Anabaptist Habits
Our actions are rarely random. We all embrace patterns of behavior and habits of mind that shape what we do in a given situation. When we consider the behavior of groups, we call such patterns
culture
. One way to understand culture is to compare it to a musical repertoire. A repertoire is a set of musical pieces that a performer knows especially well from frequent practice. It reflects an artist’s background and training, and serves a performer in a situation in which there is no time to learn something new. When a musician is asked on short notice to “play something,” or a choral group finds that its manager has suddenly scheduled a concert for next week, these artists fall back on their repertoire—the material they can perform almost instinctively. It’s not that musicians can’t learn new music; they often do. Even then, however, a repertoire forms the core around which new material is added.
Culture
is the term we use for a group’s repertoire of beliefs and behaviors. It involves assumptions and conduct that are so deeply rooted and so often practiced that most people are not even aware of them. Culture reflects people’s history and teaching, and is especially visible in times of stress that demand immediate response, when there is no time or emotional energy to think through all the possible actions. Like musical repertoires, cultures change over time, but they change in ways that extend present patterns.
Although the Amish are far from static, their culture draws on values and practices set in motion hundreds of years ago, amid events in Europe’s tumultuous sixteenth century. Out of that era of religious turbulence, which saw Reformation figures such as Martin Luther and John Calvin charge the powerful medieval church with corruption, a small but feisty group of reformers called for more than just reform of the church. These radicals insisted on a new concept of the church as a voluntary gathering of those committed to obeying Jesus’ teachings. They symbolized their commitment with adult baptism. But because all of them had been baptized into the church as infants, these new baptisms constituted, in the eyes of church and state officials,
second
baptisms. So the radicals received the disparaging nickname
Anabaptists,
which means “rebaptizers,” and found themselves condemned as heretics.
Both Catholics and mainstream reformers wanted a state-supported church, which the Anabaptists challenged. For their part, the Anabaptists insisted that they were simply trying to live as Jesus had commanded, relying on an uncomplicated and often literal reading of the Bible. They renounced self-defense, the swearing of oaths, and military participation. As they held one another accountable to lead Christian lives, they sometimes resorted to expelling members from their fellowship (excommunication) as a sort of shock therapy to jolt the unrepentant into mending their ways.
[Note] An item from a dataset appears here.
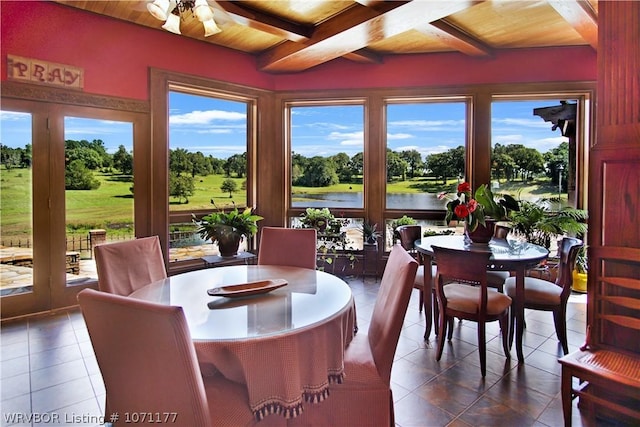 sunroom / solarium featuring beam ceiling, wooden ceiling, and a water view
But the Anabaptists would not use violence, nor would they ask government officials to coerce or otherwise maintain religious belief. In fact, they believed that the faithful church should not rely on state support or sanction at all. For them, any links to the state were a sure sign that the church had compromised its primary commitment to God.
Such ideas immediately earned Anabaptists the ire of both Catholic and Protestant church leaders, who saw their authority undercut, and civic officials, who relied on religious fear to keep citizens in line. Condemned on all sides, Anabaptists soon found themselves imprisoned and even executed for their beliefs. Although the Anabaptist movement was never large, it accounted for 40 to 50 percent of all Western European Christians who were martyred for their faith during the sixteenth century. Of course, martyrs are a minority in any movement, and most Anabaptists never faced the prospect of capital punishment. Nevertheless, brutal death has been a part of the Anabaptists’ story from the time they began creating their cultural repertoire.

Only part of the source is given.